La Constitución Lumen gentium pone en marcha la
“revolución copernicana” referida por el padre J. M. Yves Congar, el más
grande eclesiólogo del siglo XX y perito conciliar, recuperado por Juan
XXIII de las condenas a las que el Santo Oficio había sometido a toda
una generación de teólogos en torno a 1950.

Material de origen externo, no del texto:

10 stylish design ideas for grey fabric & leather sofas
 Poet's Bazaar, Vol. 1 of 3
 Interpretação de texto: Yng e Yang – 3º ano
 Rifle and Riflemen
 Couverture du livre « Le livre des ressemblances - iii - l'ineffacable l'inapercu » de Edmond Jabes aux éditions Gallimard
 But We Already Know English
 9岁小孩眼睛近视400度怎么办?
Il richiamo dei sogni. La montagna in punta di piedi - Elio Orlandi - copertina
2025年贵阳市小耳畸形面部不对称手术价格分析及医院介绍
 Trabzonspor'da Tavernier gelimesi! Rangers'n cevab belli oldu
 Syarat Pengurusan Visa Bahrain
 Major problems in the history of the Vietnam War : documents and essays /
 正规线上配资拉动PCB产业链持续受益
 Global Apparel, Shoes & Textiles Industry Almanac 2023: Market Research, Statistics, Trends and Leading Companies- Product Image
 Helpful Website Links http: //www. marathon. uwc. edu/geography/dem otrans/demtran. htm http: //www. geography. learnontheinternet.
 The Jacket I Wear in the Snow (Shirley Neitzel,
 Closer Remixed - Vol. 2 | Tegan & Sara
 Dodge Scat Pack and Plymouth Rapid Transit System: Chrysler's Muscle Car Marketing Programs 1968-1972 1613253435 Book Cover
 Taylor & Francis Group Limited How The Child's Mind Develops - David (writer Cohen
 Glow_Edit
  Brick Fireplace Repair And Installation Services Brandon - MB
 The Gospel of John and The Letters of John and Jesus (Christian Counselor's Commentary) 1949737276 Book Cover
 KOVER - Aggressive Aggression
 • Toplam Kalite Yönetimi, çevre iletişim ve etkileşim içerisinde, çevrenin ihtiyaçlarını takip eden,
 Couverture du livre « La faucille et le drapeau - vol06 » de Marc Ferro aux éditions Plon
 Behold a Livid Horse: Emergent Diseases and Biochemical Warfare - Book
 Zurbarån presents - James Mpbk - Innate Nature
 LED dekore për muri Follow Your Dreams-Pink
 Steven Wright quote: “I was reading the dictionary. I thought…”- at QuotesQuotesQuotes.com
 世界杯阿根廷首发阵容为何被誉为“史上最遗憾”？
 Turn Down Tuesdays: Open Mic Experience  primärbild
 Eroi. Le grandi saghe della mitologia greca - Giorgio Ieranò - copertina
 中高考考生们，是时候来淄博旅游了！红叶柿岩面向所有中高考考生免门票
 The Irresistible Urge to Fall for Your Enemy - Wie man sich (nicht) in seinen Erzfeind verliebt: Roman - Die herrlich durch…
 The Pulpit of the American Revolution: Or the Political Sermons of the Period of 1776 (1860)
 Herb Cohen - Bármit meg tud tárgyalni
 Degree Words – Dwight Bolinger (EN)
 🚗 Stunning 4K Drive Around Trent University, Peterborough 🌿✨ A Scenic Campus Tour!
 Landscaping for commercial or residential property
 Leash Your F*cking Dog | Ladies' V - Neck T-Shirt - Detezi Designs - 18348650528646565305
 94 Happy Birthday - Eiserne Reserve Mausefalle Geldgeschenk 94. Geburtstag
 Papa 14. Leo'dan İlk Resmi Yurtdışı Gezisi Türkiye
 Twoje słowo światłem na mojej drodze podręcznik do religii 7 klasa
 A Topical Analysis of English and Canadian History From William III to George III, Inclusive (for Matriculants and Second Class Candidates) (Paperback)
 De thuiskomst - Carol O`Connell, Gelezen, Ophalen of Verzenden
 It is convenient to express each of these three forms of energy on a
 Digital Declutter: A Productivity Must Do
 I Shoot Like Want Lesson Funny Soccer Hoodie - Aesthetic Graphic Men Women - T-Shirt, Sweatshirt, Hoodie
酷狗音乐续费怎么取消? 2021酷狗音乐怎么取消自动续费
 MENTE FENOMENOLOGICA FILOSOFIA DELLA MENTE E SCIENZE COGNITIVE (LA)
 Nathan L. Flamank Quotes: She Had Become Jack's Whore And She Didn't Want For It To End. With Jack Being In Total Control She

Aquella “revolución copernicana” no era otra cosa que el
retorno a lo que el propio Congar llamaba la “eclesiología del primer
milenio”:
- La Iglesia entendida como misterio, es decir, afincada
en el plan salvífico de Dios para los hombres manifestado
definitivamente en Cristo.
- La Iglesia, cuerpo de Cristo que se desenvuelve en la
historia como pueblo de Dios convocado por la Palabra hecha carne y
enviado a todos los hombres.

- La recuperación de la dimensión ministerial de toda la
comunidad cristiana, liberando a los ministerios de la apropiación
exclusiva por parte del clero.
- La superación de una eclesiología restringida a una
consideración juridicista de la monarquía papal, por una eclesiología
que diera cuenta de la anchura, la longitud y la profundidad de la
Iglesia toda.
- La consideración de la colegialidad episcopal como contexto en el que entender la primacía universal del obispo de Roma.
Y así podríamos seguir…
Este aniversario tan significativo ocurre en momentos en
que el actual papado intenta dar cuenta con acciones concretas de la
herencia del Concilio, una herencia que parecía ya olvidada, por un
lado, por los que nunca creyeron en ella –la curia romana, por ejemplo–,
e ignorada cada vez más, en los hechos, por amplios sectores de la
Iglesia, lo que incluye a buena parte del clero y a muchos de los que
hoy parecen emocionarse con algunas de las decisiones de Francisco.
El tiempo por venir, lleno de desafíos, irá diciendo si
desde el olvido del Concilio –característica de la Iglesia católica en
las últimas décadas– quedan reservas para recuperar el programa del
Concilio y si entonces, cincuenta años después, la Constitución Lumen gentium tiene algo que decir a las Iglesias.